If the CW’s Riverdale were good, it might look a little something like writer-director Tayarisha Poe’s début film, Selah and the Spades. Set in a slightly off-kilter version of an elite boarding school, Poe uses playing card-themed drawings to introduce the leaders of the factions within Haldwell School, including Selah (Lovie Simone), head of the Spades, which controls the school’s drug and alcohol trade. Selah is clearly the unofficial leader of the group, but as her chief rival, Bobby (Ana Mulvoy Ten) points out, Selah is a senior without a clear successor. Enter Paloma (Celeste O’Connor), a shy sophomore who seems inexplicably drawn to Selah—and vice versa.

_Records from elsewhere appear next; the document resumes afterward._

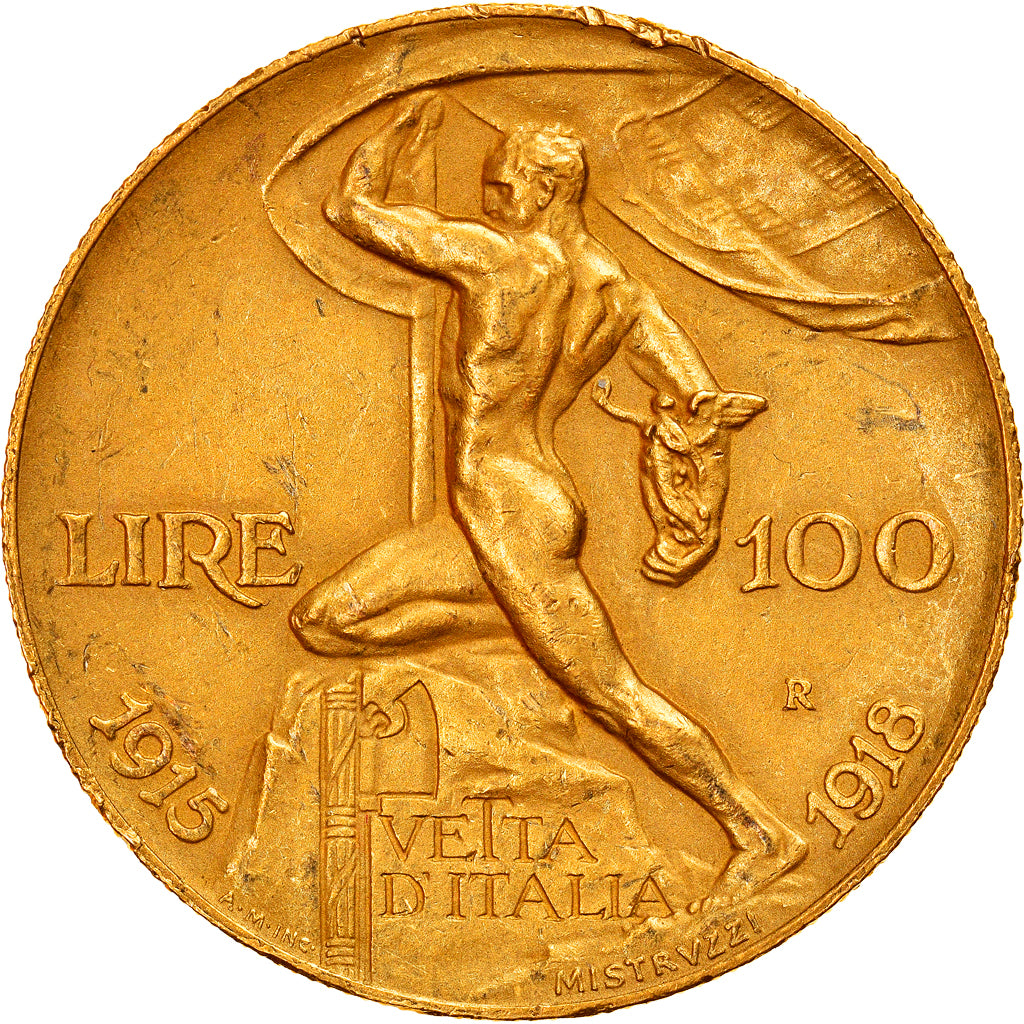 Italien, Vittorio Emanuele III, 100 Lire, 1925, Rome, Gold, PCGS, AU58, KM:66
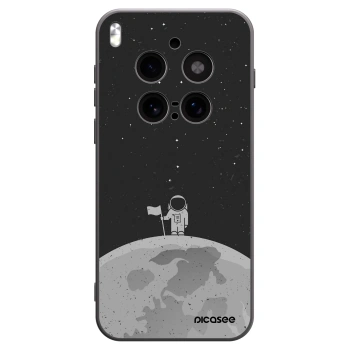 Picasee silikonski črni ovitek za Vivo X300 Pro - Astronaut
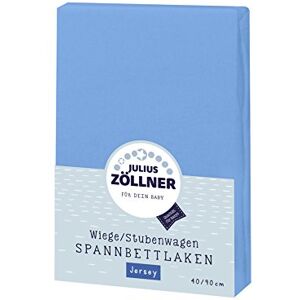 Julius Zöllner Drap-Housse Jersey pour le Berceau Bleu 90/40 cm - Publicité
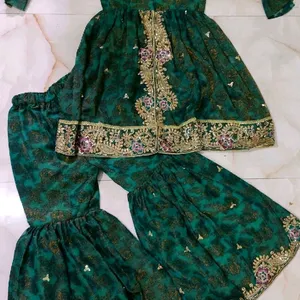 😍🦚New Elegant Rama Green Dress Set 🦚😍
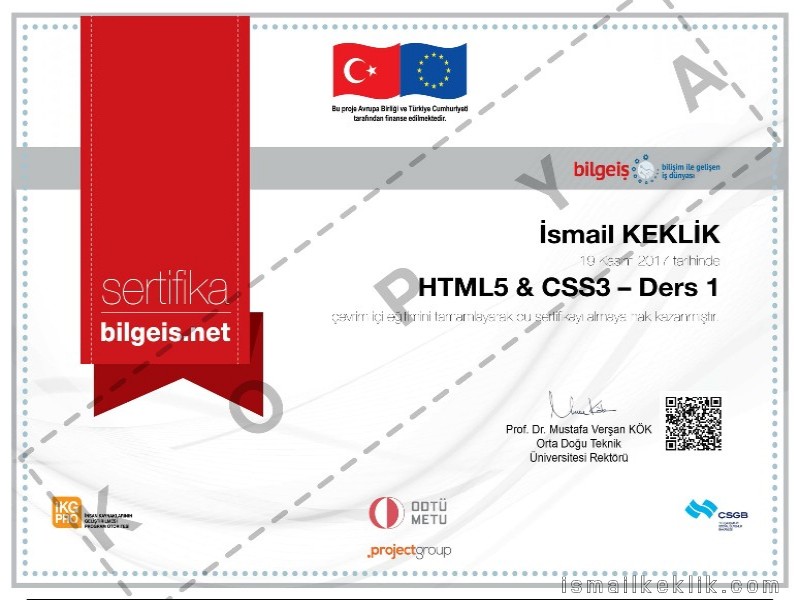 HTML5 & CSS3 – Ders 1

Right off the bat, from the narration, to the staging, to even the stylized costumes, Poe immerses the viewer in this world. Perhaps the most important element, though, is Kate Abernathy’s editing. Each cut is an abrupt jump to the next scene and especially at first, the storytelling doesn’t always flow in an obvious way. Poe could easily let the pace slow by allowing Paloma to become our entry point into this world, but her script is thrillingly uninterested with approaching clichés in expected ways. Rather than allow us to latch onto the familiar newcomer in a new world narrative, by keeping the audience off balance, she forces the audience to see Selah–and Simone’s performance of her–as the film’s focal point.
Take the scene where we discover Selah is a cheerleader. Years of teen movies make us expect a scene where Selah’s power is emphasized, perhaps venturing into bitchy boss type as she berates the other girls. Instead, Selah turns to the camera and delivers a speech on cheerleading as an ultimate expression of female empowerment. “They always try to bring you down when you’re 17,” she tells us, but she and the squad also decide, “how short our skirts will be,” and, “how spread out we make our eagles,” and suddenly, a trope that’s so often used to divide women in film becomes a sign of unexpected solidarity.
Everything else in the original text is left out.